= William Cumming (colonel) =

American planter and soldier (1788–1863)

William Clay Cumming (July 27, 1788 – February 18, 1863) was an American planter and soldier from Augusta, Georgia.

==Early life==
William Cumming was born in Augusta to Thomas and Ann (Clay) Cumming. He graduated from the College of New Jersey (later Princeton University) and studied law in Litchfield, Connecticut. When he returned to Augusta, he bought land and became a planter.

==Military service==
Cumming joined the militia, becoming captain of an independent company called the Augusta Blues. When the unit was mustered into the regular army for service in the War of 1812 he was commissioned as a major in the 8th Infantry. In February 1814 he was promoted to colonel and named as adjutant general for the Northern Army.

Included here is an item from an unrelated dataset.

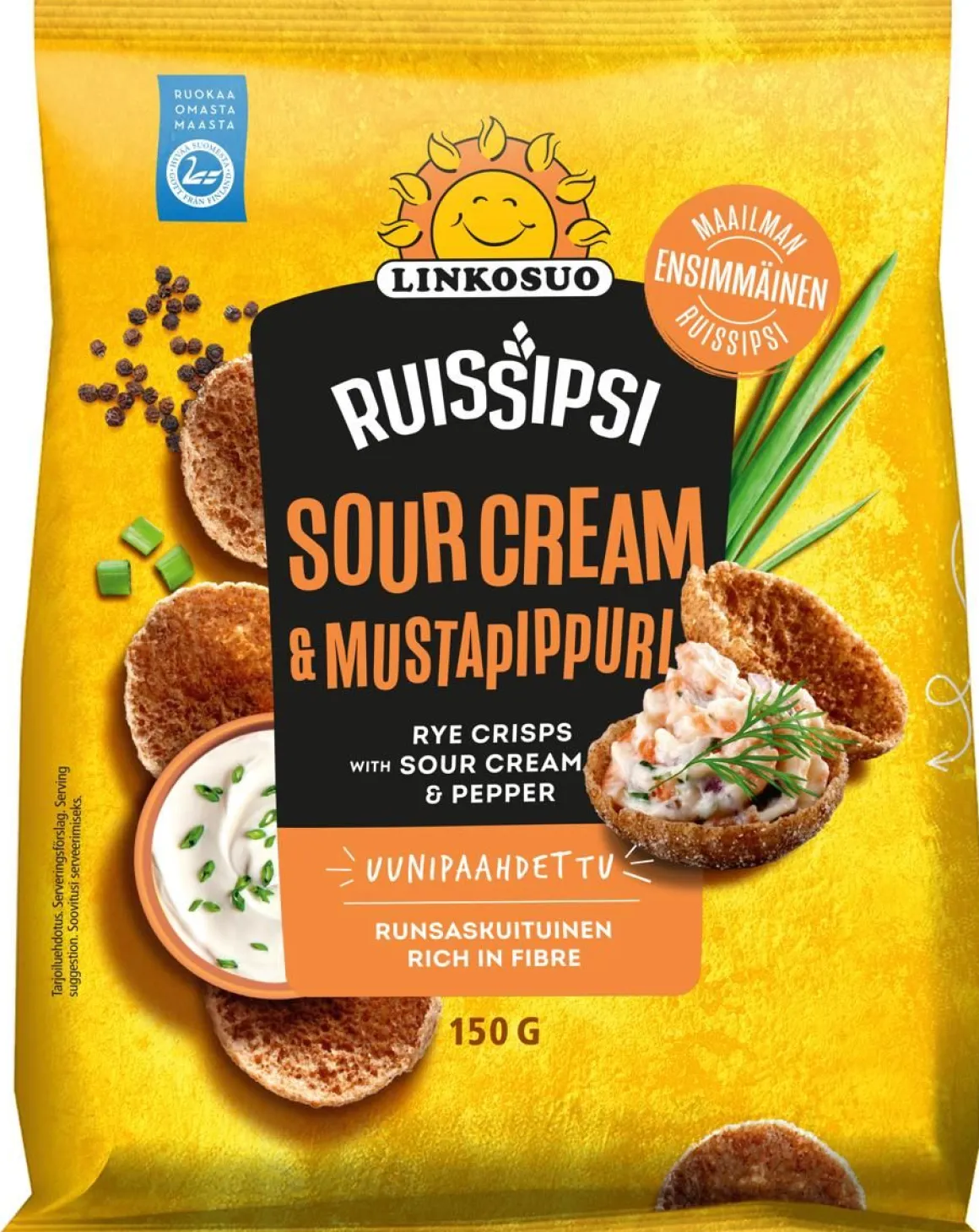 LINKOSUO RUISSIPSI SOURCREAM & MUSTAPIPPURI 150 G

Colonel Cumming fought on the St. Lawrence frontier and in the Niagara campaign. He was cited for gallantry and leadership. He was lightly wounded in November 1813 at the Battle of Crysler's Farm.

==Later life==
In 1847, President Polk offered Cumming the rank of Major General to participate in the Mexican–American War, but his age and declining health caused him to turn down the offer. Cumming died in Augusta in 1863. The town of Cumming, Georgia is believed to be named in his honor, however, this is not proven.